[Start of section]

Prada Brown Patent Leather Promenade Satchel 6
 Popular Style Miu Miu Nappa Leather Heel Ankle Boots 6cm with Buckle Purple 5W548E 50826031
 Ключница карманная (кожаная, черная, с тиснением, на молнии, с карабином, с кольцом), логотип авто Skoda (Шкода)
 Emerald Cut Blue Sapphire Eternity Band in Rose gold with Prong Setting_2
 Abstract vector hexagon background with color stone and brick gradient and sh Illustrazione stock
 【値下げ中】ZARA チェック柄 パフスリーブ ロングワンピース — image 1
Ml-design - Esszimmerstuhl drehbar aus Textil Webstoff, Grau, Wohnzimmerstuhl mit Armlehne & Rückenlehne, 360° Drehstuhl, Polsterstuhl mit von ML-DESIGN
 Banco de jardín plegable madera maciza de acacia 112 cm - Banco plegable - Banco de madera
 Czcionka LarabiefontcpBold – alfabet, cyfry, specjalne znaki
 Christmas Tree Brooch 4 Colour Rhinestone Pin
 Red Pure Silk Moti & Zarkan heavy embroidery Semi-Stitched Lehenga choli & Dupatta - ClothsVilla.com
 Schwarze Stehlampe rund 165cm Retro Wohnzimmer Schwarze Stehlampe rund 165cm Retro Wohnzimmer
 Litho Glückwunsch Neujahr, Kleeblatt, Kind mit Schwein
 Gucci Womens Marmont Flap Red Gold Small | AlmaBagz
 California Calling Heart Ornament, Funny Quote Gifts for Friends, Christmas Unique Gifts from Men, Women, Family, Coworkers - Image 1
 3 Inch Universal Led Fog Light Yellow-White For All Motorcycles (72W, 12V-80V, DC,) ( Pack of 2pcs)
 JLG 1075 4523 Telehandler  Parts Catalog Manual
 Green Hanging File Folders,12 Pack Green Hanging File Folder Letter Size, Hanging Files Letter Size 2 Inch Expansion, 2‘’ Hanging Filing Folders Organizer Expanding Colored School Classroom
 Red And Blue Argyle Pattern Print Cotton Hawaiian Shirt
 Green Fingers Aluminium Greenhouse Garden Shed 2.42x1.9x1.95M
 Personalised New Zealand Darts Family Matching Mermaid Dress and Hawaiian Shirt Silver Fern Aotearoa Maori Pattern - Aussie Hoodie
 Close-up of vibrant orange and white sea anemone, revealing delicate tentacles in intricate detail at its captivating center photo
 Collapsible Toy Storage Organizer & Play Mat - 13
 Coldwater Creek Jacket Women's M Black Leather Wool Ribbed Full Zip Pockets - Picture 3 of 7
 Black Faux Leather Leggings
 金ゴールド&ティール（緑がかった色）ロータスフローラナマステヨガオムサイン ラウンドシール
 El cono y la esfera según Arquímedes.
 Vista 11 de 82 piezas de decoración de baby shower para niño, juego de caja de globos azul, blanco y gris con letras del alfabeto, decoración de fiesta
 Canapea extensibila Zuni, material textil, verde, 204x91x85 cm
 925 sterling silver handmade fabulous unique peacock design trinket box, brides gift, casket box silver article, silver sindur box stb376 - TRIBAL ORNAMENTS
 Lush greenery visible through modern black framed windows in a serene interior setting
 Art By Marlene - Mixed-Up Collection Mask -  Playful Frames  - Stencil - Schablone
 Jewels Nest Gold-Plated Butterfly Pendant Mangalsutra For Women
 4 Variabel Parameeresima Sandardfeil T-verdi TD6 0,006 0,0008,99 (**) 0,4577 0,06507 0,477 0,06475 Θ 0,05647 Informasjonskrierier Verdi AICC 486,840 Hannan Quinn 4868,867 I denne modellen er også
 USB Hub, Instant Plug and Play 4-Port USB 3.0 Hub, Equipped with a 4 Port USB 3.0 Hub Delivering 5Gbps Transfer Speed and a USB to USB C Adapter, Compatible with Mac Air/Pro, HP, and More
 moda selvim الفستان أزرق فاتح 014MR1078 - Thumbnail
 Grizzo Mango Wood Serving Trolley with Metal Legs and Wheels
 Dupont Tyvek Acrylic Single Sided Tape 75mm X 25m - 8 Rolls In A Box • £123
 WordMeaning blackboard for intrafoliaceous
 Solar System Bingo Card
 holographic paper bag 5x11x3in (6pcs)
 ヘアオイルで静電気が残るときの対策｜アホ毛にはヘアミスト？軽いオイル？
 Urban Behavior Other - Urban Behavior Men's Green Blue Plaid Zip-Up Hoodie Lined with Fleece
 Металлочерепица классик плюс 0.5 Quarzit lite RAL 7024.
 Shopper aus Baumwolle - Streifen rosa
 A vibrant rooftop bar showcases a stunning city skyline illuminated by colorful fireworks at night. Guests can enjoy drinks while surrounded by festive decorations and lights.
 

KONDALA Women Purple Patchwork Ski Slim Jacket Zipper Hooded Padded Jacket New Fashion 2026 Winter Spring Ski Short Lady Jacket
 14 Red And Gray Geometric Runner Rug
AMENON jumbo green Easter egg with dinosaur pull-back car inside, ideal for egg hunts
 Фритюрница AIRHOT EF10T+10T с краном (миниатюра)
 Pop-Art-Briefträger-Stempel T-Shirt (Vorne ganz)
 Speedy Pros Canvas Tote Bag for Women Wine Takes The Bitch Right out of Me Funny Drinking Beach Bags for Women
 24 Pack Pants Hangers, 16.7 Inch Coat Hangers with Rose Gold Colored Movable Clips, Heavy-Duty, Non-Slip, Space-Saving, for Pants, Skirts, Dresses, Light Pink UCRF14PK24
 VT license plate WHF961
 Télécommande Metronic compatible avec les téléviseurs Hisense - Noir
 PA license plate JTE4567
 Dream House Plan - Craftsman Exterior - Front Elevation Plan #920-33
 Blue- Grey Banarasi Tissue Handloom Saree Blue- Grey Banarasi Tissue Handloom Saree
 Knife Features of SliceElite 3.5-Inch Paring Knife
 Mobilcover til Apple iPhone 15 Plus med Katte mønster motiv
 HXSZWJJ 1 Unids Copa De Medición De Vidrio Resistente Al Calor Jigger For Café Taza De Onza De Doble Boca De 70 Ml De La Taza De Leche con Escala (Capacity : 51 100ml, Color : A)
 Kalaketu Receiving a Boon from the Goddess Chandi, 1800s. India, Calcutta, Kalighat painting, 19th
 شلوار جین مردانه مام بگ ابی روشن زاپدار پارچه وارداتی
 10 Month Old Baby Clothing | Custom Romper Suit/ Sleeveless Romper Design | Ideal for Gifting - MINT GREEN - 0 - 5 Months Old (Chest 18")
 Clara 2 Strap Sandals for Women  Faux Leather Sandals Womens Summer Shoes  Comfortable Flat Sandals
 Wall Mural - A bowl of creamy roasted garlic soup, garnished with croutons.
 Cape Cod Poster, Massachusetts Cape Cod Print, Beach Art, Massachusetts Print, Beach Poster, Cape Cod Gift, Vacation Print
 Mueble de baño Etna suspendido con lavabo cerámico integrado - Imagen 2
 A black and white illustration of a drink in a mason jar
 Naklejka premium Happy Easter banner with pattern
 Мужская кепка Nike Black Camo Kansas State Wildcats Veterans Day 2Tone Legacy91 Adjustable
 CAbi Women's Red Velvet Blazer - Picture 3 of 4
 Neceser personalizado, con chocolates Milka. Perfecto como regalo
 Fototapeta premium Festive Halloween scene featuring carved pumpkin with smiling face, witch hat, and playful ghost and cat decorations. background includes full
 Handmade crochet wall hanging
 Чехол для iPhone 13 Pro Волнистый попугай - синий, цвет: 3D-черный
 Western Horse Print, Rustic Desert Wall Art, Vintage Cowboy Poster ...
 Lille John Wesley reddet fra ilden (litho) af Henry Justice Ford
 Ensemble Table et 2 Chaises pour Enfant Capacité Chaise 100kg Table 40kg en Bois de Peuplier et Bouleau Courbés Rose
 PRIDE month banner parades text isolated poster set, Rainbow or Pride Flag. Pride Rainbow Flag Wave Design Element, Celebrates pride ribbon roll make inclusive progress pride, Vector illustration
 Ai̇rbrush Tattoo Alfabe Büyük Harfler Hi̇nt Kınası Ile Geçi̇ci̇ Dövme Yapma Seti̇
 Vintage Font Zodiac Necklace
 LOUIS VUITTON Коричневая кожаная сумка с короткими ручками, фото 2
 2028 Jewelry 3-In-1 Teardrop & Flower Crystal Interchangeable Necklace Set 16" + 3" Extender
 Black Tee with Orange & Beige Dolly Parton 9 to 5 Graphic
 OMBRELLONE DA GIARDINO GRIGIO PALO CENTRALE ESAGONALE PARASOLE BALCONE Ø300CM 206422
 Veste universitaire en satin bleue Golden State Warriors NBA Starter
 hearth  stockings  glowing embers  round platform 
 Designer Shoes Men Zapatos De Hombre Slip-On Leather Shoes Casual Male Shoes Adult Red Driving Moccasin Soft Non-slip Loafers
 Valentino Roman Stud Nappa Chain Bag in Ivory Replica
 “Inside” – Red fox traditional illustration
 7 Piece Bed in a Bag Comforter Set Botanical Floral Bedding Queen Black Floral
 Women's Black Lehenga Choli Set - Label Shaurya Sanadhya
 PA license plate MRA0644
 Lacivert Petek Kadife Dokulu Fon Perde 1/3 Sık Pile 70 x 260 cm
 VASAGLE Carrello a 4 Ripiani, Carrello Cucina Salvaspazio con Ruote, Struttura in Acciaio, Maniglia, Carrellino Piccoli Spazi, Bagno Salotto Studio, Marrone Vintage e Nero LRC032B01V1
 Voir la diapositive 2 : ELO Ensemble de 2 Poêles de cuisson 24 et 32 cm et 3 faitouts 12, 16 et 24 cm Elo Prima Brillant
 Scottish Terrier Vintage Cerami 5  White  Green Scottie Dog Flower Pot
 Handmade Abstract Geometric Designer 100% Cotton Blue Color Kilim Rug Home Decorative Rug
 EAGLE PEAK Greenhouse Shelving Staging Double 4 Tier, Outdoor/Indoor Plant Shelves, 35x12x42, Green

[End of section]

§ **EXERCISE DETAILS**
What you return must be the lines above that run from the line with "Blue- Grey Banarasi Tissue Handloom Saree Blue- Grey" to the line with "Mobilcover til Apple", inclusive, each copied exactly.

§ **SOLUTION TO THIS PROBLEM**
 Blue- Grey Banarasi Tissue Handloom Saree Blue- Grey Banarasi Tissue Handloom Saree
 Knife Features of SliceElite 3.5-Inch Paring Knife
 Mobilcover til Apple iPhone 15 Plus med Katte mønster motiv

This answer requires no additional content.